Evolution of Cabinet
My original goal was beyond me, so I simplified to just a rectangular cabinet made from pre-cut 24 x 48 inch panels.

but then I needed a way to attach a big 24 inch diameter dial at an angle to the top of that rectangular box. I thought of strange brackets and things like that but then somehow I thought of the pyramid.
And to make it interesting make the triangular sides of the pyramid equilateral.

When I placed the white Big Dial onto the black Pyramid I thought there way too much white. There needed to be something added to the centre of the dial. So I added the series of alternating black and white squares. Each square is rotated 90 degrees to the one below it. They form a sort of spiralling stepped pyramid.

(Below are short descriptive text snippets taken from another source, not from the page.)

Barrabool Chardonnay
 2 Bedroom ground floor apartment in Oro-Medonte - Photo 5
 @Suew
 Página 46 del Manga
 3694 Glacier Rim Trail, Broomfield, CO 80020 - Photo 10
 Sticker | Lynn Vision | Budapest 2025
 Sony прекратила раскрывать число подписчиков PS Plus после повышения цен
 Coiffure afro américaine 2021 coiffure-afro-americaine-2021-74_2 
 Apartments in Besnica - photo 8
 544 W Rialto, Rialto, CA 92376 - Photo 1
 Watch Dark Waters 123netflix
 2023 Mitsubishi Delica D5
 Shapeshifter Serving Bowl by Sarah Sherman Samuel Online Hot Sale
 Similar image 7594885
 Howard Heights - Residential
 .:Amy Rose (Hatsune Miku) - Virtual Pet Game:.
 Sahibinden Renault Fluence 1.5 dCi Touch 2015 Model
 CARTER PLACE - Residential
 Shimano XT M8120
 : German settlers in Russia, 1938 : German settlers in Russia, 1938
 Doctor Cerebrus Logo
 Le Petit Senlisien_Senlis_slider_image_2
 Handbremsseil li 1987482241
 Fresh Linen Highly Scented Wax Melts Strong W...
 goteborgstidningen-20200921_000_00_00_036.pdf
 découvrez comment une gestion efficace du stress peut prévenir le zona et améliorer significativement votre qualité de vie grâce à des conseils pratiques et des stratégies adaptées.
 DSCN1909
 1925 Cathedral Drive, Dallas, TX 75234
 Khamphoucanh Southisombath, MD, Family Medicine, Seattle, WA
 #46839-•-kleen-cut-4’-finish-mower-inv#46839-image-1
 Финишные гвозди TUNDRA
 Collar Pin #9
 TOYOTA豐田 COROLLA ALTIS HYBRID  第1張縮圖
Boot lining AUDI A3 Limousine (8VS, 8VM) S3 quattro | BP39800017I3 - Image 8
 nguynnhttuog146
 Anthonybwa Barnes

The side of each square is 1 over the square root of 2 times the side of the one below it.
There is nothing special about that, except it works out very conveniently when the largest size is 12. This makes the black squares easy to cut : 12, 6, 3, 1.5 inches. But the white are also easy in this case since 12 over square root of 2 is very nearly 8.5 ( within .02 of an inch ). So just cut 8 1/2, 4 1/4, 2 1/8. Easy.

Dial

I wanted a dial big enough to allow each station to be indicated on the dial by its own dot. As we all know the stations on the high end of the dial get crowded closer together, assuming a normal cut tuning capacitor. For example on the radio behind me as I write this, a wooden Philips table top radio, the dial shows a dot every 10kHz, ie every station, between 540 and 700, but only labels 550, 600, 700. From 700 to 1000 it has a dot every 20 kHz, ie every second station, but only labels 700,800 and 1000. From 1000 to 1600 it has a dot every 50 kHz, ie every fifth station, but only labels at 1000, 1200, 1400, 1600. I think this is fairly typical. Back in the day you did not expect a radio dial to have the sort of resolution we have gotten used to from digitally tuned radions. But I wanted a dot for each and every station, and I wanted each and every dot to be labelled with the frequency.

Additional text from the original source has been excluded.